There was no noise from the bedroom.

After five minutes (no, it only seemed like five to her; in reality it took less than a minute), Stony opened the door.

Ruby did not ask, Where’s Oscar? She did not ask for
explanations. The important thing to do, she thought, is to think about the next thirty seconds, and the next thirty after that. The important thing is to keep going.

“You have a car?” Ruby said.

“Here’s what’s going to happen,” Stony said. “We’re going to go down the stairs to the first floor. I have a van waiting. If you stay close to me, you should be fine.”

“And then what?”

“Then we drive out of the city.”

“But what about Aunt Alice? We’ve got to get her.”

“Alice wouldn’t come with me. She’s at the hospital, working the emergency room.”

“But she’ll die!”

“No one can make Alice do anything she doesn’t want to do,” Stony said.

Well, Ruby thought, he’s right about that. She let him lead her into the hallway. He went right, away from her apartment.

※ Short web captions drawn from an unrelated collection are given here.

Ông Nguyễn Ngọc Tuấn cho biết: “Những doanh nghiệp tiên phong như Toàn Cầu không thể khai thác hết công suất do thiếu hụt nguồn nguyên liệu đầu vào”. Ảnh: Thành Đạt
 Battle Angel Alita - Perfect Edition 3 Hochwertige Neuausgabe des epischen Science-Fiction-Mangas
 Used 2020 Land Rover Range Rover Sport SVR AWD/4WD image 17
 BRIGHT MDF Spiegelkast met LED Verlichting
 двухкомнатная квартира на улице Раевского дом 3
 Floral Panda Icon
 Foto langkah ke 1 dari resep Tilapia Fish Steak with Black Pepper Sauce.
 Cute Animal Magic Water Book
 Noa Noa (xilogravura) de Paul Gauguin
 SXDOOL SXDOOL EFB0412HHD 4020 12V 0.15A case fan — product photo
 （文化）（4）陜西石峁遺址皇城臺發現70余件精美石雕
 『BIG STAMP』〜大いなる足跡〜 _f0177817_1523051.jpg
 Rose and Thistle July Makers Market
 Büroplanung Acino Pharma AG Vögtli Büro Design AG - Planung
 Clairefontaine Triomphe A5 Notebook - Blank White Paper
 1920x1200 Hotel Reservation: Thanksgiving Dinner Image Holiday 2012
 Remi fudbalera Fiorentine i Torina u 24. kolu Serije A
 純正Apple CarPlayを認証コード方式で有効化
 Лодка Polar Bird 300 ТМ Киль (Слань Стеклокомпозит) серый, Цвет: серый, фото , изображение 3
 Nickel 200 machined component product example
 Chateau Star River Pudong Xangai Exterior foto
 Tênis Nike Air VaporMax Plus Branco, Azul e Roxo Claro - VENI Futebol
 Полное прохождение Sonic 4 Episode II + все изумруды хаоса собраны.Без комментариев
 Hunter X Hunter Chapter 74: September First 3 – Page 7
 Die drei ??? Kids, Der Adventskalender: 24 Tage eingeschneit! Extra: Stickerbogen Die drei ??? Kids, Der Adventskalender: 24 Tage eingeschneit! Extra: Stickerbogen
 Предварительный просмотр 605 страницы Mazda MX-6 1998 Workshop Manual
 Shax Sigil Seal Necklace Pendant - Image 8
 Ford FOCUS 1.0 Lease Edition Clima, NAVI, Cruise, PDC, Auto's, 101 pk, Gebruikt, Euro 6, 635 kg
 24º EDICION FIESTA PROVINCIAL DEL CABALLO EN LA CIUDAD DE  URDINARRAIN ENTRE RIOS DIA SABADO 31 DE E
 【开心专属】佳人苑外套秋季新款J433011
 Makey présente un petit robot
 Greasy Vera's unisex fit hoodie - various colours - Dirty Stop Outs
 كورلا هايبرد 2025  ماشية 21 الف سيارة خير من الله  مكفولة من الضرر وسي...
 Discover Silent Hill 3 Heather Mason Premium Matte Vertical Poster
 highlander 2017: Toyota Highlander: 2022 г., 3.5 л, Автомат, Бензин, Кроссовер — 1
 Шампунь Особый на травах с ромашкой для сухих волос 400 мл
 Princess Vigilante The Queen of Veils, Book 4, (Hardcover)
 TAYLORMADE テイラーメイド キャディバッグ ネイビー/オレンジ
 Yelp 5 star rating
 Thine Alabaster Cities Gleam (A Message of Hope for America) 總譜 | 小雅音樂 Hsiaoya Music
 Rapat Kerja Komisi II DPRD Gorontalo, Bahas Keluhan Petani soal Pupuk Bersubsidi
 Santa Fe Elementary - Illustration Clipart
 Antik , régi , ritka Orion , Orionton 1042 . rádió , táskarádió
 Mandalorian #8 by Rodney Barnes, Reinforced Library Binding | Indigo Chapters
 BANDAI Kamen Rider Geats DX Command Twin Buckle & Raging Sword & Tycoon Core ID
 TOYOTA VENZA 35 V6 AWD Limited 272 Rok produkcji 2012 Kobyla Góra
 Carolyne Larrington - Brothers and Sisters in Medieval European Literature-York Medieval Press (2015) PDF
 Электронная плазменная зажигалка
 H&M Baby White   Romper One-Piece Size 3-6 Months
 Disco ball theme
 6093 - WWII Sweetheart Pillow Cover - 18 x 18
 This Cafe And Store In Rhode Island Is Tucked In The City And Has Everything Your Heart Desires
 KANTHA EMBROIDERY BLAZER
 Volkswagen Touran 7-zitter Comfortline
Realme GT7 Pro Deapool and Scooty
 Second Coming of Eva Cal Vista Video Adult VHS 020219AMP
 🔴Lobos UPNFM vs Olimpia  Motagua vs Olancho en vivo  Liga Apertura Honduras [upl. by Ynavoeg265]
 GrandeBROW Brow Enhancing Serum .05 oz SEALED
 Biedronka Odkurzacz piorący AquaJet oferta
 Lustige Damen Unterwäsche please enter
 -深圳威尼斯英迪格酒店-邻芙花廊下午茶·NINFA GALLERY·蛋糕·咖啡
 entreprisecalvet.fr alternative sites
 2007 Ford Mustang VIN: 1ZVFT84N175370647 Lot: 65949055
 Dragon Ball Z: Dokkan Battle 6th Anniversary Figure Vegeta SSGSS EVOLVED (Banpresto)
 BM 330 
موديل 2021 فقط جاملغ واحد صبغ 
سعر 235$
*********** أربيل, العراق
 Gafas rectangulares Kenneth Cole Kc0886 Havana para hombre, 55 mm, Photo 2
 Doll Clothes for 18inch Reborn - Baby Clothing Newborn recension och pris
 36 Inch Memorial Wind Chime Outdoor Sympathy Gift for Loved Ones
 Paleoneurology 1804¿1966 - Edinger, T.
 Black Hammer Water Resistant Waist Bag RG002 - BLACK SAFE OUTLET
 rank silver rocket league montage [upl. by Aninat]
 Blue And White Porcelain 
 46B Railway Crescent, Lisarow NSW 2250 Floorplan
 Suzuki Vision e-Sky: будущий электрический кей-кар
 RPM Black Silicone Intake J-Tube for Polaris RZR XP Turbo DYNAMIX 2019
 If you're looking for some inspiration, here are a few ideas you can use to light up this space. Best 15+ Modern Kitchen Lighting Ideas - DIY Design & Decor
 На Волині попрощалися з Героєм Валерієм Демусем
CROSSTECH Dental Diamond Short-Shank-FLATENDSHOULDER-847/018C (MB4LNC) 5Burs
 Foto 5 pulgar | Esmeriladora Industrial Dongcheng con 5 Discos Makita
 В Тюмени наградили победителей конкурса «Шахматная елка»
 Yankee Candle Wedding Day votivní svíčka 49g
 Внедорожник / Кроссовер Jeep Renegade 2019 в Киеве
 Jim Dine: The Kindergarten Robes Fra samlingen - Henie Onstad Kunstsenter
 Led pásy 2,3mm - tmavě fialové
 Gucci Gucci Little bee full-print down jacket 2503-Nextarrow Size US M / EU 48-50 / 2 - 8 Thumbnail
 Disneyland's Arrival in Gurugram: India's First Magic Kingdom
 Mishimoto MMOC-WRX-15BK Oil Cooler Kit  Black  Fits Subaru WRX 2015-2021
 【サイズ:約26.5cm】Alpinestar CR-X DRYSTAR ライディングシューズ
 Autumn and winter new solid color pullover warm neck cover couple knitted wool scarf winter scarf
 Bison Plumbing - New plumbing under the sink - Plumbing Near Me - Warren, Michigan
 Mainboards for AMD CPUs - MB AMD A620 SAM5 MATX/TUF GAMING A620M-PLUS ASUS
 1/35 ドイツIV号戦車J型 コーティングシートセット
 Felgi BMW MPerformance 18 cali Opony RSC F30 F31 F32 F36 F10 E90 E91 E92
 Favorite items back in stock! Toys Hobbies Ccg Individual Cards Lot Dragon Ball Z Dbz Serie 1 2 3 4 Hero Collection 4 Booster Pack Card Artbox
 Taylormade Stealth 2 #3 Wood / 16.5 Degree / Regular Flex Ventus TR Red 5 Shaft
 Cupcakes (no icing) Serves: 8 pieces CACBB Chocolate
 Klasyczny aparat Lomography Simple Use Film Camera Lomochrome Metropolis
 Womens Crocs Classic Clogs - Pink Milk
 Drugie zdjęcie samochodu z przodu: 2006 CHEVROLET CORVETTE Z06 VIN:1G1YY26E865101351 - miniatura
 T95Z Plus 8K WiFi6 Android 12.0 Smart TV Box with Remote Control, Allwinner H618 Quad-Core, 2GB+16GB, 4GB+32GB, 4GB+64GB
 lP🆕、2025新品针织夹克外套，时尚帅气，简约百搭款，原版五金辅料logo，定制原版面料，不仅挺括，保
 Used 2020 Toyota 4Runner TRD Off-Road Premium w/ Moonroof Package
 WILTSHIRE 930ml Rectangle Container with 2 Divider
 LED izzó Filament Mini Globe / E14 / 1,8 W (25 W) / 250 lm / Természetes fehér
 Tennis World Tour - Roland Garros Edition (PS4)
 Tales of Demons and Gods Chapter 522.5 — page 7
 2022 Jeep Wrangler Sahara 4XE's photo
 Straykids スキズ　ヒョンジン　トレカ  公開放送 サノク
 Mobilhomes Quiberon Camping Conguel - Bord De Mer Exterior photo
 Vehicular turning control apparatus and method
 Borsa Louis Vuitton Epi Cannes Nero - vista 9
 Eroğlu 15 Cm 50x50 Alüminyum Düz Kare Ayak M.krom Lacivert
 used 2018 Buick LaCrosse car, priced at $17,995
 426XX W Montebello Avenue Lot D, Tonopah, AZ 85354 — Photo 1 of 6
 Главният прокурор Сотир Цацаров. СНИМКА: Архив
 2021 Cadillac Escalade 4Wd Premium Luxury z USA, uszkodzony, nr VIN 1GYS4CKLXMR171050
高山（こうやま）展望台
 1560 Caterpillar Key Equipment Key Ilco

Ruby said, “Wait, I have stuff in my apartment—”

“You won’t need it.”

“Fuck,” Ruby said, but hurried to catch up to him. When they were a dozen feet from the stairwell, the door swung open. Ruby and Stony stopped. Ruby lifted the flashlight, but kept the gun down.

It was a woman. Her head was bent sideways, lying flat on her shoulder, like a smashed pumpkin on a front porch. Her mouth opened and made a low, sad noise.